--- START ---

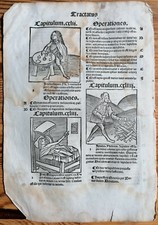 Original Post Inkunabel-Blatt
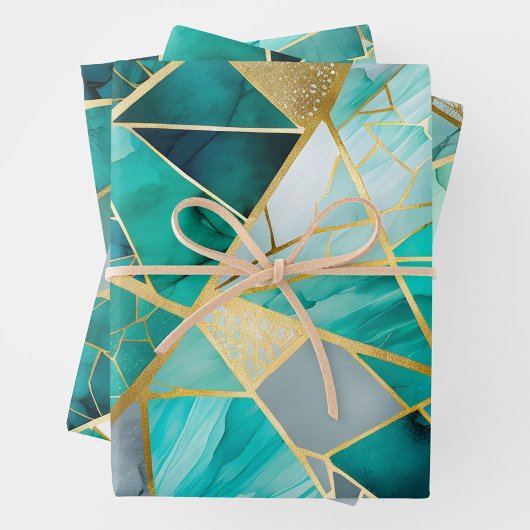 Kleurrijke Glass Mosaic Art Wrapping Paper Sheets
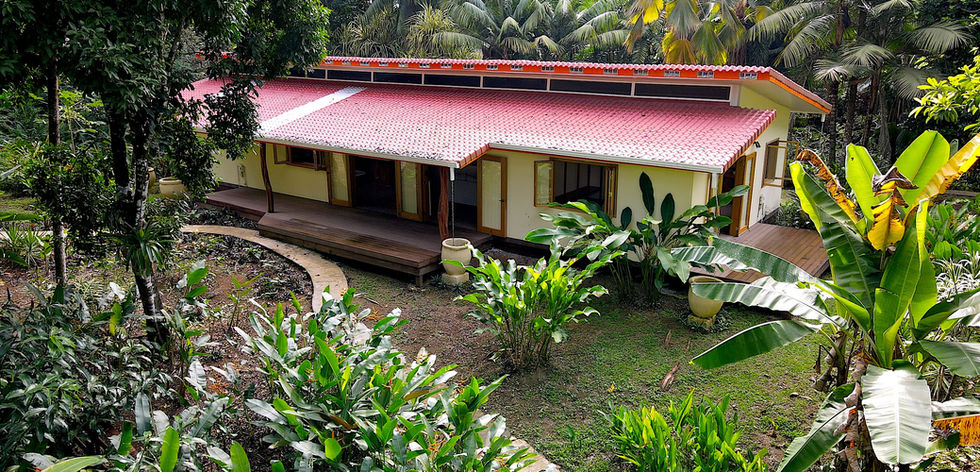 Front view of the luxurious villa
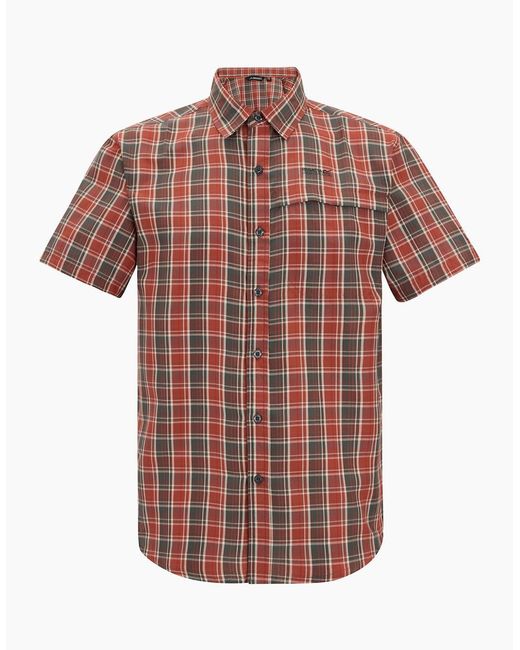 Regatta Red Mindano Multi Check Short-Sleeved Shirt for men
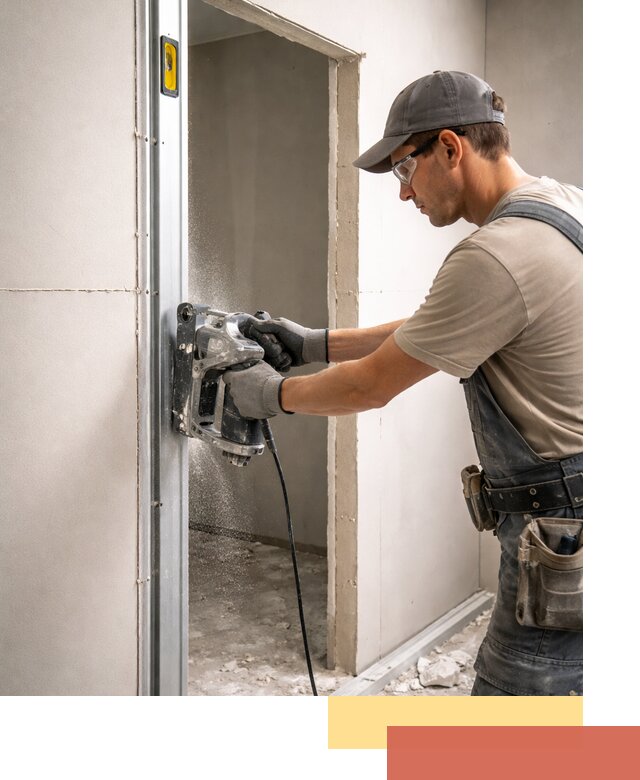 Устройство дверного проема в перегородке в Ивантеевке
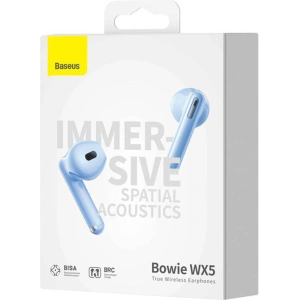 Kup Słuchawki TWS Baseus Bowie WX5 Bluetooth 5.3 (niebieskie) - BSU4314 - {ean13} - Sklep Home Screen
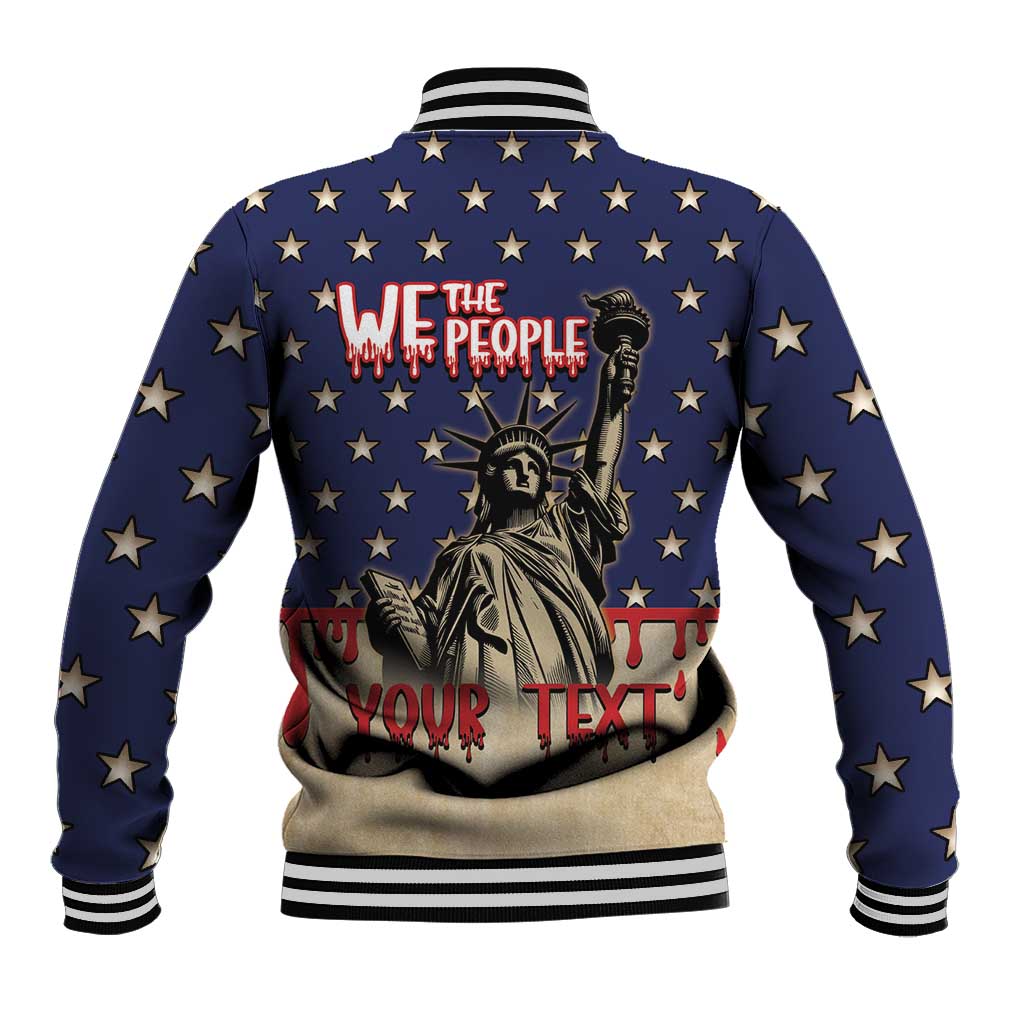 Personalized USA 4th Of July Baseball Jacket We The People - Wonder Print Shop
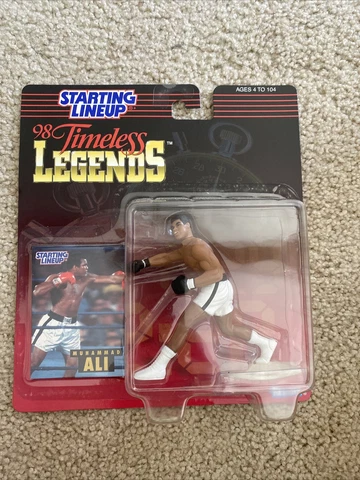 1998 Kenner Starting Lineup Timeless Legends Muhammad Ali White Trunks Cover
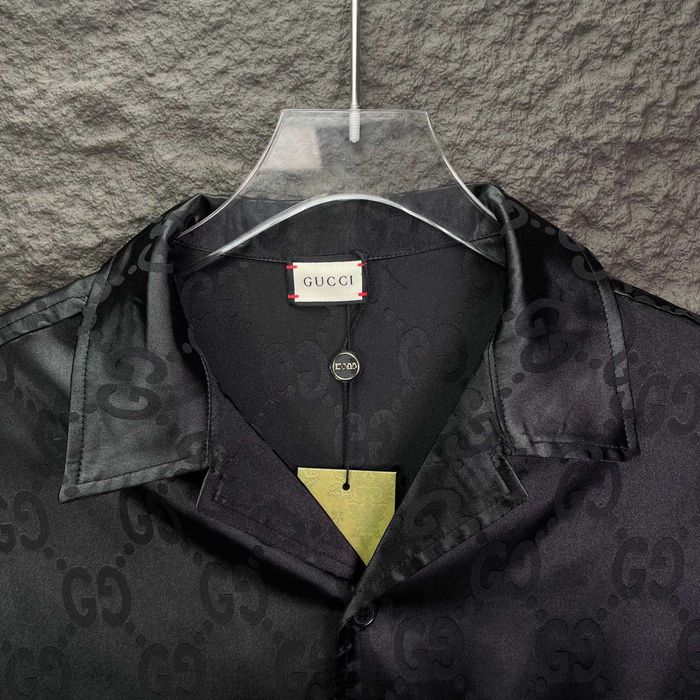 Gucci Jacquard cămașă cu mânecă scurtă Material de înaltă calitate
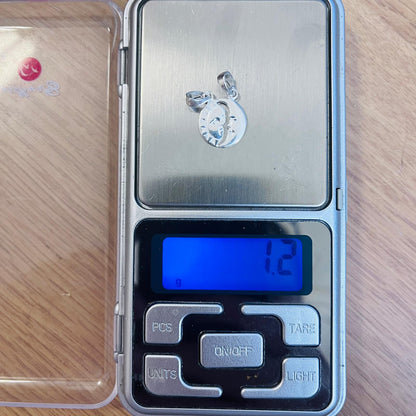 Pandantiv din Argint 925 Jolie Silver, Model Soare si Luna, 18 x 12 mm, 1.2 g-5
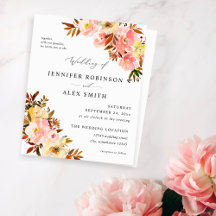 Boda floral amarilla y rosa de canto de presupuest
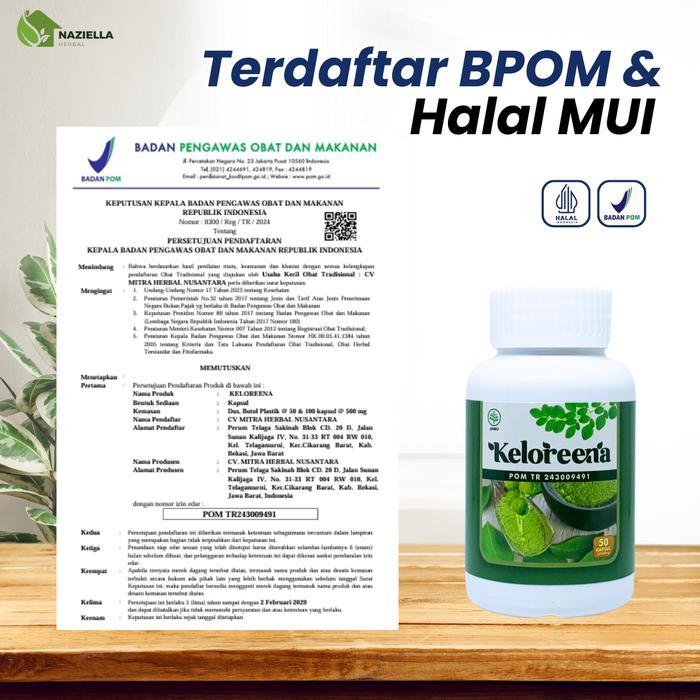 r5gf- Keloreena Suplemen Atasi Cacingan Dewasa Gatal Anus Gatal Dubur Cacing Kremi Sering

--- END ---

▶ [Exercise aim]: Begin at the first line of the material and copy each line exactly through the one containing "Устройство дверного проема". Omit pictures.

▶ [Solution for this problem]:
 Original Post Inkunabel-Blatt
 Kleurrijke Glass Mosaic Art Wrapping Paper Sheets
 Front view of the luxurious villa
 Regatta Red Mindano Multi Check Short-Sleeved Shirt for men
 Устройство дверного проема в перегородке в Ивантеевке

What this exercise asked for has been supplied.